This project is used for the Soda Certification program.
The objectives of this project are:
- Implement Soda as a Data Quality tool agains a common data product.
- Build a reference template that uses most of soda's features.
- Get certified in Soda
Additionally as personal objectives:
- Validate the implementation of Dagster in a multi-environment deployment
- Validate the implementation of a polyglot dbt project with different technologies.
- Python >=3.10,<3.11
- Poetry >=1.7.0
- docker
- kubectl
- minikube
- helm
This project is based on a medallion architecture which commonly used in data projects
All of the components of this architecture have been named, most of them based on the greek mithology:
- Poseidon: Storage engine used for staging data assets in its raw format before landing into a raw layer. It is based on local temporary storage and GCS for local and development environments respectively.

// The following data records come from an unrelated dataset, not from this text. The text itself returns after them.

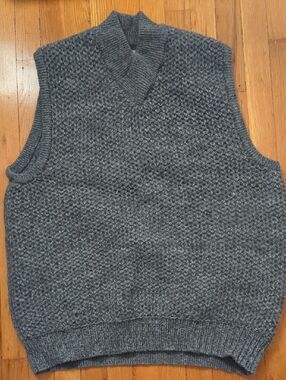 Men's Wool Charcoal Grey V-Neck Knit Sweater Vest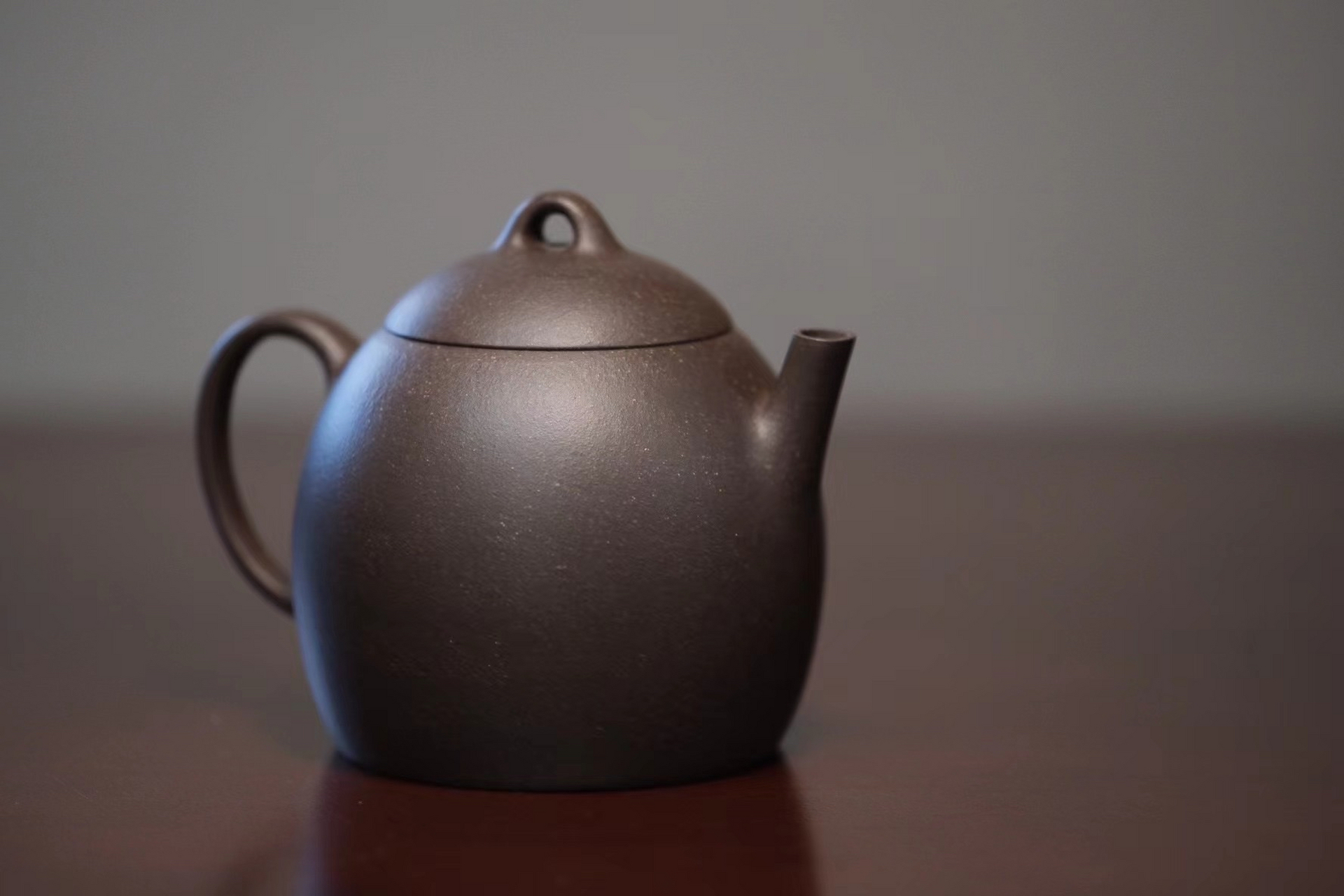 金雪萍,秦权壶 老紫泥,170cc 纯手工制,作者师从张正中#紫砂壶# #全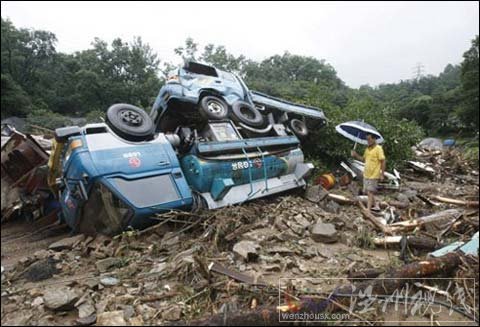 韓國首爾及周邊地區(qū)強降雨百年一遇 32人遇難
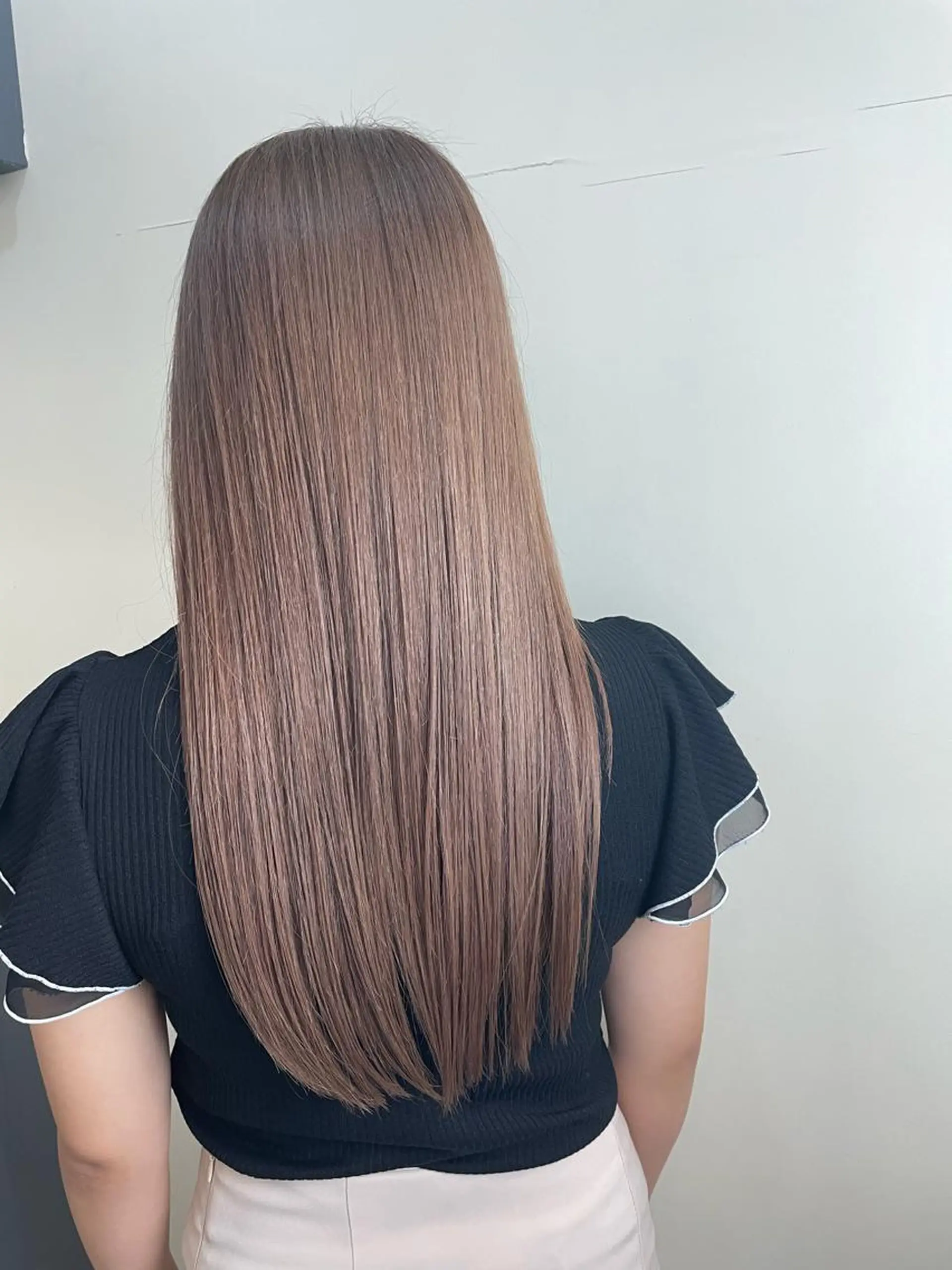 カラー バレイヤージュ ブリーチ ケアブリーチ ダブルカラー イヤリングカラー 戸川 紗良のヘアスタイル
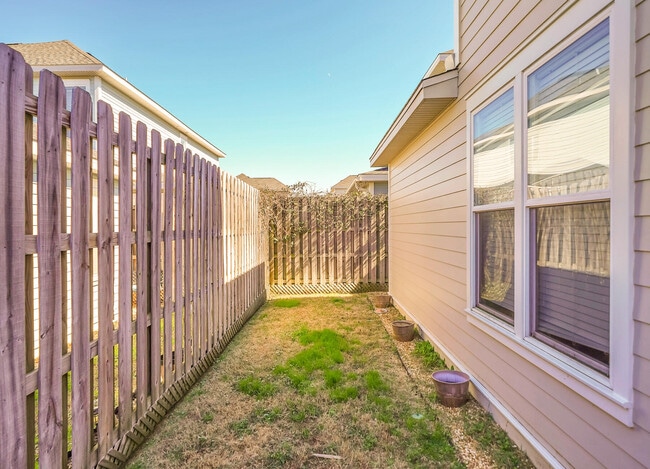 Building Photo - 175 Christian Dr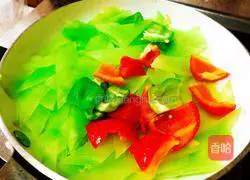 Illustration of how to make fried bamboo shoots with double peppers 6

- Athena: Warehouse engine used for storing data assets as tables, composes our medallion architecture by including raw, staging and serving layers. It is based on DuckDB and BigQuery for local and development environments respectively.
- Optimus: Transformation engine used for manipulating the data assets and building our models while applying tests to the final datasets. It is based on dbt on all environments
- Aphrodite: Data quality engine used for analyzing the final result of our datasets and validate that it complies with common standards. It is based on Soda on all environments.
- Hermes: Orchestration engine used for communicating all of the components and data sources. It is based on Dagster on all environments.
A list of useful commands suitable for development can be found here.
The data utilized in this GitHub project is not owned or generated by the developer. It may be subject to different licenses, copyrights, or restrictions. Users are responsible for verifying and complying with the terms of use associated with the data sources used within this project.